Image: The figure of Earth.

Consider the earth as shown in the figure where the three points A, B, and C are given. B is a point on the surface of the earth, C is placed 3200 km above the earth and A is a point below the earth’s surface (depth). They have said that the acceleration due to gravity at A is equal to the acceleration due to gravity at C. That is,
\[{g_A} = {g_{_C}}\]

At depth from the earth’s surface, the value of acceleration due to gravity at point A is,
\[{g_A} = g\left( {1 - \dfrac{d}{{{R_e}}}} \right)\]
The value of acceleration due to gravity at point C is,
\[{g_C} = \dfrac{g}{{{{\left( {1 + \dfrac{h}{{{R_e}}}} \right)}^2}}}\]
Here, h is the height from earth’s surface, that is, \[h = 3200\,km\] and \[{R_e} = 6400\,km\].

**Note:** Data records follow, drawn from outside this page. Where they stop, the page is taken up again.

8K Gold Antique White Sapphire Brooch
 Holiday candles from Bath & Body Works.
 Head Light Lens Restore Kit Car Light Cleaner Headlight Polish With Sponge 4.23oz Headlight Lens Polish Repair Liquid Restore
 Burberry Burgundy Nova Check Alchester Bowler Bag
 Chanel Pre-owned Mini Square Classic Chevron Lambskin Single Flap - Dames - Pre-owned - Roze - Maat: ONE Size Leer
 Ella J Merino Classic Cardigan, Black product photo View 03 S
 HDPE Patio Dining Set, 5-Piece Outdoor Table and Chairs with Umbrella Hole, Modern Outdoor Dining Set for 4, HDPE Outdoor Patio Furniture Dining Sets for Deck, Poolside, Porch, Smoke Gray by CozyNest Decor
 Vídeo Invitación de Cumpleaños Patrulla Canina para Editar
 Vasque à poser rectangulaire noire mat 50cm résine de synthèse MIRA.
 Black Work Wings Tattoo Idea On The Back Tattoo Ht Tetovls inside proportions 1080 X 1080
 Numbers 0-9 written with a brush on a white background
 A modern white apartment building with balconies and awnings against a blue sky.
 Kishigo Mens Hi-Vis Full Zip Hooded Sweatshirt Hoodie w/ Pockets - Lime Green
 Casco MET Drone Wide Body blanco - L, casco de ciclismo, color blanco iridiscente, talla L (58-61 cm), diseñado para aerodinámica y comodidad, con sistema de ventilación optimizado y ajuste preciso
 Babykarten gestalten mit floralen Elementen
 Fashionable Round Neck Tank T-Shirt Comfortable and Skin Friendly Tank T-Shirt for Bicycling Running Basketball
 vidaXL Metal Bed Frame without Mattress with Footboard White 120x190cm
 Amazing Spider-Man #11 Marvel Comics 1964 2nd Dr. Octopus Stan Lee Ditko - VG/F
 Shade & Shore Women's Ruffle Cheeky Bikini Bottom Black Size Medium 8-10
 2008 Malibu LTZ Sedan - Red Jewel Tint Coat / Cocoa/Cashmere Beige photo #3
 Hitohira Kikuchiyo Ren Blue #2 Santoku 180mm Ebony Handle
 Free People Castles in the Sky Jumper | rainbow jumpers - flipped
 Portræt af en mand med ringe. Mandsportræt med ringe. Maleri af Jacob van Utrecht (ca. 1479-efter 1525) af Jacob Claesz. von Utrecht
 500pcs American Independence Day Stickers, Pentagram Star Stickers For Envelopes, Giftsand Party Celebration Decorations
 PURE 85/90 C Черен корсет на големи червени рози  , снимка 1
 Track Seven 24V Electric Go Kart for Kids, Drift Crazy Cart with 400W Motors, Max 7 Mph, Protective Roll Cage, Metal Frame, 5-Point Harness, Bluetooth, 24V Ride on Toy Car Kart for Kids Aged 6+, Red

Then the above equation will become,
\[{g_C} = \dfrac{g}{{{{\left( {1 + \dfrac{{3200}}{{6400}}} \right)}^2}}}\]
\[\Rightarrow {g_C} = \dfrac{g}{{{{\left( {1 + \dfrac{1}{2}} \right)}^2}}}\]
\[\Rightarrow {g_C} = \dfrac{g}{{{{\left( {\dfrac{3}{2}} \right)}^2}}}\]
\[\Rightarrow {g_C} = \dfrac{{4g}}{9}\]
Since, \[{g_A} = {g_{_C}}\]
\[g\left( {1 - \dfrac{d}{{{R_e}}}} \right) = \dfrac{{4g}}{9}\]
\[\Rightarrow \left( {1 - \dfrac{4}{9}} \right) = \dfrac{d}{{{R_e}}}\]
\[\Rightarrow d = \dfrac{{5{R_e}}}{9}\]

From the figure,
\[d = AB\]
\[\Rightarrow AB = \dfrac{{5{R_e}}}{9}\]
Then, \[OA = R - AB\]
\[OA = R - \dfrac{{5{R_e}}}{9}\]
\[\Rightarrow OA = \dfrac{{4{R_e}}}{9}\]
Given that, OA: AB will be x: 5 that is,
\[\dfrac{{OA}}{{AB}} = \dfrac{x}{y}\]
\[\Rightarrow \dfrac{{\dfrac{{4{R_e}}}{9}}}{{\dfrac{{5{R_e}}}{9}}} = \dfrac{x}{y}\]
\[ \therefore \dfrac{x}{y} = \dfrac{4}{5}\]

Therefore, the value of x is 4.

Note:Remember to keep in mind the locations of all the provided points with respect to the earth’s surface as shown in the diagram. Then it will be easier to find the value of x.